Both inspired by the ML community and in service of it, we recently rebuilt vector search in turbopuffer to support scales of up to 100 billion vectors in a single search index. We call this technology Approximate Nearest Neighbor (ANN) Search v3, and it is available now.

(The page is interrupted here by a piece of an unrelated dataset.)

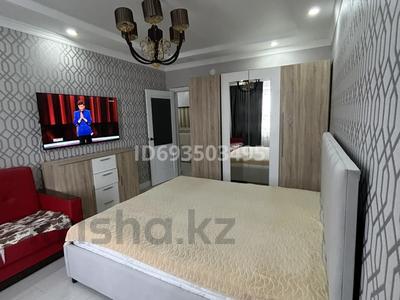 1-бөлмелі пәтер · 50 м² · 4/5 қабат, мкр. Алтын орда, Пр Алии Молдагуловой 57 д — Гипер Дина, капитал Плаза, Отбасы Банк, бағасы: 15 000 ₸ в Актобе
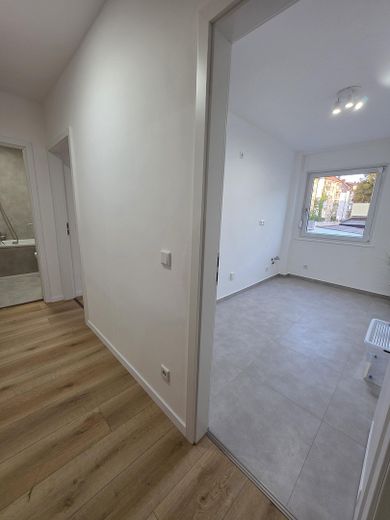Frisch kernsanierte 3-Zimmer-Wohnung in Nürnberg | 67 m² | Garage im Innenhof – Flur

In this post, I'll dive into the technical details behind how we built for 100 billion vectors. Along the way, we’ll examine turbopuffer’s architecture, travel up the modern memory hierarchy, zoom into a single CPU core, and then back out to the scale of a distributed cluster.
Loading chart data...
Loading chart data...
Let’s look at the numbers to get a sense of the challenge: 100 billion vectors,
1024 dimensions per vector, 2 bytes per dimension (f16). This is vector
search over 200TiB of dense vector data. We want to serve a high rate (> 1k
QPS) of ANN queries over this entire dataset, each with a latency target of
200ms or less.
With a healthy dose of mechanical sympathy, let’s consider how our hardware will run this workload and where it will encounter bottlenecks. If one part of the system bottlenecks (disk, network, memory, or CPU), other parts of the system will go underutilized. The key to making the most of the available hardware is to push down bottlenecks and balance resource utilization.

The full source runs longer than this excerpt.